The scheduling had worked out superbly, allowing all three of Scotland's gold medallists to take a final plunge in front of the rapturous Tollcross crowd last night and clearly revelled in the warmth of their reception.
There was another flurry of kilts as Ross Murdoch, winner of the men's 200 metres breaststroke and team-mates Ryan Bennett, Cameron Brodie and Robbie Renwick arrived for the final race, the 4x100m medley and while they could only manage seventh place as England rounded off their superb meet, it hardly seemed to matter because it was clearly time to party.

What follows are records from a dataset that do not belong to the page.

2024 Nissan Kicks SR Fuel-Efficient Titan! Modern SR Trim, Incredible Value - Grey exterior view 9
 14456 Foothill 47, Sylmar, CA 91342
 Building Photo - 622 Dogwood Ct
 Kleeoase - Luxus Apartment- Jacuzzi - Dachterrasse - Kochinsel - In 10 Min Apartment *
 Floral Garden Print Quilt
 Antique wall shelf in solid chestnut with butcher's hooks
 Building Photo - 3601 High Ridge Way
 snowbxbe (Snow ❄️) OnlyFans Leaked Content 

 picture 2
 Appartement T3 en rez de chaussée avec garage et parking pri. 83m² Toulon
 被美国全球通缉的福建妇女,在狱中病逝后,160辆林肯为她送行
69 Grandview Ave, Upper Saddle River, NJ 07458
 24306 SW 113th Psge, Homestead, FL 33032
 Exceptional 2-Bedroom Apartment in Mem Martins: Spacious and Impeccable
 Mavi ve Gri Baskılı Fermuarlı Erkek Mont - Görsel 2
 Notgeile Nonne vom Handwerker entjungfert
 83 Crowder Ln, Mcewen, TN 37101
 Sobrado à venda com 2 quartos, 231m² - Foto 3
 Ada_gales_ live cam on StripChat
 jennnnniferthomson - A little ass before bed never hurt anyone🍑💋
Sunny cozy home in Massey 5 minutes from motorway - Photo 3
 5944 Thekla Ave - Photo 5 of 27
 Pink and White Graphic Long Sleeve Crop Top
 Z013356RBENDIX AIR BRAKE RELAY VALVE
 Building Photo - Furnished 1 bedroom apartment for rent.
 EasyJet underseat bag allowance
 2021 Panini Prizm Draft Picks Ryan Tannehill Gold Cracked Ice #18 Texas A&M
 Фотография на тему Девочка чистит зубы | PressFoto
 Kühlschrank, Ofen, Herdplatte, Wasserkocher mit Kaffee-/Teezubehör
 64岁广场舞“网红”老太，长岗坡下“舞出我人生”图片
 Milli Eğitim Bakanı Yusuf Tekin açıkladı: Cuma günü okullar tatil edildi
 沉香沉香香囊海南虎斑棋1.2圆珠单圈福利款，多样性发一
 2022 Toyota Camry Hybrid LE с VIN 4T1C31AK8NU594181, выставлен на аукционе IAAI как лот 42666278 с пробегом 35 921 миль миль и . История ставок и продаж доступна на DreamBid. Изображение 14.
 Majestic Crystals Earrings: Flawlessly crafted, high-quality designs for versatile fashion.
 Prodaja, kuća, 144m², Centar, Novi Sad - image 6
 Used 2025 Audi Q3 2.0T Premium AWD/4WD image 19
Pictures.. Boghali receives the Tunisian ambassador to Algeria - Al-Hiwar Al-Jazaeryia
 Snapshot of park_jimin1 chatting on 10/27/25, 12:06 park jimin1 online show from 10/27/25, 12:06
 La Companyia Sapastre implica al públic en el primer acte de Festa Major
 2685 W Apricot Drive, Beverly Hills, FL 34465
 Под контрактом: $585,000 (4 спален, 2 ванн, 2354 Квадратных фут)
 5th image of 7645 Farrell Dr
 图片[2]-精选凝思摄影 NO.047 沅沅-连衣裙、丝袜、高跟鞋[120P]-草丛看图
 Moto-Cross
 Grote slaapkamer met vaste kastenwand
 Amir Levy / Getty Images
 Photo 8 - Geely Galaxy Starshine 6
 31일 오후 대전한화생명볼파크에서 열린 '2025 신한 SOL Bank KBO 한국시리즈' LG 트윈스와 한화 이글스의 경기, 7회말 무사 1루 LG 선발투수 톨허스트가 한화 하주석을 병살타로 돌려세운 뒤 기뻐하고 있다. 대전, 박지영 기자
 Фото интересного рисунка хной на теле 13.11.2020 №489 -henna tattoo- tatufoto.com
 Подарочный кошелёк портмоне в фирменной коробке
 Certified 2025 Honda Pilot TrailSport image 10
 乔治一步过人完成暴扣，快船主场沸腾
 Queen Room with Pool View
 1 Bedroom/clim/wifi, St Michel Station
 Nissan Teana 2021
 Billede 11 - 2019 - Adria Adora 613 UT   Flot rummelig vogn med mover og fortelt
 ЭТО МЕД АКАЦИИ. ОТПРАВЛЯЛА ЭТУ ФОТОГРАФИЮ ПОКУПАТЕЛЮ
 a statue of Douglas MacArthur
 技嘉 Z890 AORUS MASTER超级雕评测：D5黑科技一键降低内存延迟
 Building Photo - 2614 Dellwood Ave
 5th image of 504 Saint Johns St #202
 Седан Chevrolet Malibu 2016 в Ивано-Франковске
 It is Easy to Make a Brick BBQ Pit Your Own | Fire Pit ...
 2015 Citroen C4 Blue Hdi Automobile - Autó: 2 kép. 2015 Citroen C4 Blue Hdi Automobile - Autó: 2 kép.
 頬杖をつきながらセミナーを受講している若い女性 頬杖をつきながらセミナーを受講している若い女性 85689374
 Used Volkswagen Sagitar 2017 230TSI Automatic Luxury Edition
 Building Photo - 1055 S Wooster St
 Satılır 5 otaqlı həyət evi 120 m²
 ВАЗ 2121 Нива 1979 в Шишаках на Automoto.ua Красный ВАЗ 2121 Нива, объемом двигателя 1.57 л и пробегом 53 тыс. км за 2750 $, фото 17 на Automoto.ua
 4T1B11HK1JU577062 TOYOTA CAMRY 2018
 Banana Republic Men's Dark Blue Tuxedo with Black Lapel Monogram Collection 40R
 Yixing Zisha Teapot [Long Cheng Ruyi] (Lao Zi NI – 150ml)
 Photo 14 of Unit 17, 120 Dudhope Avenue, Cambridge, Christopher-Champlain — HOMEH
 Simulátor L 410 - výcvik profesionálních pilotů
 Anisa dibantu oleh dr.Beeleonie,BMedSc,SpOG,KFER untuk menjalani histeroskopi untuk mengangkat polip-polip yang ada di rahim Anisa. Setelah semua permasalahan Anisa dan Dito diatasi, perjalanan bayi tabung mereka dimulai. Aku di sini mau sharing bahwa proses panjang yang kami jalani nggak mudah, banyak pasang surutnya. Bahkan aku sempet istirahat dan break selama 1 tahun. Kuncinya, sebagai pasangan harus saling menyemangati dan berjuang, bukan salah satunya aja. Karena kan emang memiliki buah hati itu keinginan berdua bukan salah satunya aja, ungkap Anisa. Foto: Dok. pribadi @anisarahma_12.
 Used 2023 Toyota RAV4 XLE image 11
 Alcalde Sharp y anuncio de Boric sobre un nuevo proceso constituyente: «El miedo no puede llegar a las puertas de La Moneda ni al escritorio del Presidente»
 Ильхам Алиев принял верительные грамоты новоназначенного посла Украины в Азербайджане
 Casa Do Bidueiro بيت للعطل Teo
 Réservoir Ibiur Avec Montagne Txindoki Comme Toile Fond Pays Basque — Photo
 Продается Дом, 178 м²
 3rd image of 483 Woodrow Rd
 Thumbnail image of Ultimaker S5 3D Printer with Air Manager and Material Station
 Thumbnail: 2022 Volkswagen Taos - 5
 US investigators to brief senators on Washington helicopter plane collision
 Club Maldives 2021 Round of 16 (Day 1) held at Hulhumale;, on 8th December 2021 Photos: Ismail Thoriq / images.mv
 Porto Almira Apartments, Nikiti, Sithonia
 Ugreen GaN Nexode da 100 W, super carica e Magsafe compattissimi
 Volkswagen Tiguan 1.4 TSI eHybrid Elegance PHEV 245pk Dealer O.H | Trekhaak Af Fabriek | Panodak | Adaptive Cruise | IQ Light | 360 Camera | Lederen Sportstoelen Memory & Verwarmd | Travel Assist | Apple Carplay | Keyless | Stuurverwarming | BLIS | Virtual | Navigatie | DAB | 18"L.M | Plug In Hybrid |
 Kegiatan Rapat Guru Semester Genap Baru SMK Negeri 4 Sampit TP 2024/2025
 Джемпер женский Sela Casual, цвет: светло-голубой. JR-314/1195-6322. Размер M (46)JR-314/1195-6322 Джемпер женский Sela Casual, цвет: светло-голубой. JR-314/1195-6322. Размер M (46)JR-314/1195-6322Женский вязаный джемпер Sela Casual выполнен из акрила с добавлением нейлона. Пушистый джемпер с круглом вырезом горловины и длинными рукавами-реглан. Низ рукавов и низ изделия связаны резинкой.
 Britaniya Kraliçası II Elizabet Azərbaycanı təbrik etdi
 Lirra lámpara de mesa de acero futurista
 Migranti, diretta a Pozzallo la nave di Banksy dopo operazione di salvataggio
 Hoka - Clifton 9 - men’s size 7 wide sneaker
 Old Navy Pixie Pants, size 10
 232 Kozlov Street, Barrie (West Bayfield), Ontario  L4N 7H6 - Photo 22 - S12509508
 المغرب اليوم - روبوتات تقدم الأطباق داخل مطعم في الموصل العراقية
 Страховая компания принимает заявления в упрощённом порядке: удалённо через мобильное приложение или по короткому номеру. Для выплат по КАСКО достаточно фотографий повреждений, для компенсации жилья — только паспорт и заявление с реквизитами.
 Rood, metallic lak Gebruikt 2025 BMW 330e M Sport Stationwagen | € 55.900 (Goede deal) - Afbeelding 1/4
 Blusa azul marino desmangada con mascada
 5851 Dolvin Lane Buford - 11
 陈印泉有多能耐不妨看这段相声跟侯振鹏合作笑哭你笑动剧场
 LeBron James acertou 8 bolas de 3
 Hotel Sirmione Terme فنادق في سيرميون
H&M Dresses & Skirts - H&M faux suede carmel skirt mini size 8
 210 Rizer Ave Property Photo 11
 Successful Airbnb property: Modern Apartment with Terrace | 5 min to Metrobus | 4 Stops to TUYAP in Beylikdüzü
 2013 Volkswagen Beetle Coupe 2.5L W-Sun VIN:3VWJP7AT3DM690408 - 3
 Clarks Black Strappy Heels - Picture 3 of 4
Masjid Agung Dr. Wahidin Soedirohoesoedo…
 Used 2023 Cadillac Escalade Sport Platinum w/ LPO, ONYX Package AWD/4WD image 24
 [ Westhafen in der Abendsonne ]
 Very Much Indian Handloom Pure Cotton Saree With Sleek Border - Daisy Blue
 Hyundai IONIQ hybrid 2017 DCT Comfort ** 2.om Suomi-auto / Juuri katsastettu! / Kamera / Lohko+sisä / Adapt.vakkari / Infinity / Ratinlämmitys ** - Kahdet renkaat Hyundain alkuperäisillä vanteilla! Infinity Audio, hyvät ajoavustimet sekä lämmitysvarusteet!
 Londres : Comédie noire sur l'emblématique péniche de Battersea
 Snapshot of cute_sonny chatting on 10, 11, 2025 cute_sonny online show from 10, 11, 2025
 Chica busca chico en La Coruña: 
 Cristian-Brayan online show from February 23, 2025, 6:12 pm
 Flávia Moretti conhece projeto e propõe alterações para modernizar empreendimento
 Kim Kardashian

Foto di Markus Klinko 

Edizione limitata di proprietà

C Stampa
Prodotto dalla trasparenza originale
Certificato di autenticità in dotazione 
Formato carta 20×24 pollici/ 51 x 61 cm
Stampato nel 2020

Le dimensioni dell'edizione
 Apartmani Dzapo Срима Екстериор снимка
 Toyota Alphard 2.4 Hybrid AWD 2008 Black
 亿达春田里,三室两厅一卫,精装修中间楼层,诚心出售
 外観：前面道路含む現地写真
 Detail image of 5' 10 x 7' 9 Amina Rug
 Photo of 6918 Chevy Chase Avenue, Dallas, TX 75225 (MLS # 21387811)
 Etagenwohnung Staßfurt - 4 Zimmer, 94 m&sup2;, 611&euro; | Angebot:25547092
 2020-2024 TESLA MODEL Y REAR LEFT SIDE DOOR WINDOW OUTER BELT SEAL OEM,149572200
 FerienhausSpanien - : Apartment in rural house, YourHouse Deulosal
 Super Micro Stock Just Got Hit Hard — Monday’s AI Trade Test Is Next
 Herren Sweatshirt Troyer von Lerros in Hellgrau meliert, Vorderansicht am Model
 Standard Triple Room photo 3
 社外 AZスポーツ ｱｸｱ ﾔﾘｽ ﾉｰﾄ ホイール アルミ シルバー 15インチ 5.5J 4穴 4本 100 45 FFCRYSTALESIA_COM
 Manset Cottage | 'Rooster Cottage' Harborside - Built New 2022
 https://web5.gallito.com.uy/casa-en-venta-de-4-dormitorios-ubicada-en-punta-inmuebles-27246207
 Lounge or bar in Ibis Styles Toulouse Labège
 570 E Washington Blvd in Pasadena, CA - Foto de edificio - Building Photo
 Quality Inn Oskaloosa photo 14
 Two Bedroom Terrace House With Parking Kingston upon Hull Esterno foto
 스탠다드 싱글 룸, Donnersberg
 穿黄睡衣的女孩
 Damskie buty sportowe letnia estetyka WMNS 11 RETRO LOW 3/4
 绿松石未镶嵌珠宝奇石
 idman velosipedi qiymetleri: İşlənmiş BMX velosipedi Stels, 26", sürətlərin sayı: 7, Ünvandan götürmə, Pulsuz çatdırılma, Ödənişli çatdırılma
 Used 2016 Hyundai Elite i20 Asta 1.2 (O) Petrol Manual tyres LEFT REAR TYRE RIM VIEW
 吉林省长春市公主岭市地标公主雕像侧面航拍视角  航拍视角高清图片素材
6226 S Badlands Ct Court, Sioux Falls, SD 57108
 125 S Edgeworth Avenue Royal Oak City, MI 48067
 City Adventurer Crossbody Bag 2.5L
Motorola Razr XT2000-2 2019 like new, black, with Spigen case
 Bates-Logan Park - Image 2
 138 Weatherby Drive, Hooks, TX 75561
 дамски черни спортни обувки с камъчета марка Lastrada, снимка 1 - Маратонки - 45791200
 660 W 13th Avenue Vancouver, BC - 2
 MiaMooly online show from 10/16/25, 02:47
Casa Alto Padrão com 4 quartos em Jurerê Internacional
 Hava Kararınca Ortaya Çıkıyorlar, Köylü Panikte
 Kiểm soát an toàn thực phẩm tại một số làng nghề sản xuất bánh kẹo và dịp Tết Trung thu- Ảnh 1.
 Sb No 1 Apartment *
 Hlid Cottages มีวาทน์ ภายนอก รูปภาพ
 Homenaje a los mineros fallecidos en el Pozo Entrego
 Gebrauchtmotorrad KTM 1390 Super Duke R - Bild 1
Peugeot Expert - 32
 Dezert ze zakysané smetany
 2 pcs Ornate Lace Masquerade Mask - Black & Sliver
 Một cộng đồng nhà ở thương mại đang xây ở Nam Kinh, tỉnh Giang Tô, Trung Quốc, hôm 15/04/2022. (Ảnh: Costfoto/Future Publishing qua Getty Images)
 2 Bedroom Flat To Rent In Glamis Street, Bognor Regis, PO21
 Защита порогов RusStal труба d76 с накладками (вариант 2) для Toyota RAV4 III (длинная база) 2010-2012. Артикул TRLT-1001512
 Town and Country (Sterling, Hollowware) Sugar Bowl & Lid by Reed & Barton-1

Before all of that Hannah Miley had once again cranked up the atmosphere at the start of the evening finally bringing her ridiculous schedule to a close in the 400m freestyle where she just missed out on a third medal on what was her 13th outing across the six days, finishing fourth behind New Zealand's Lauren Boyle, who set a new Games record of 4:04.47, Jazz Carlin of Wales and Bronte Barratt of Australia.
Kathleen Dawson finished fifth in the women's 50m backstroke and, along with team-mates Katie Armitage, Fiona Donnelly and Sian Harkin, fourth in the 4x100m medley relay, while Stephen Milne finished fifth in the 1500m freestyle.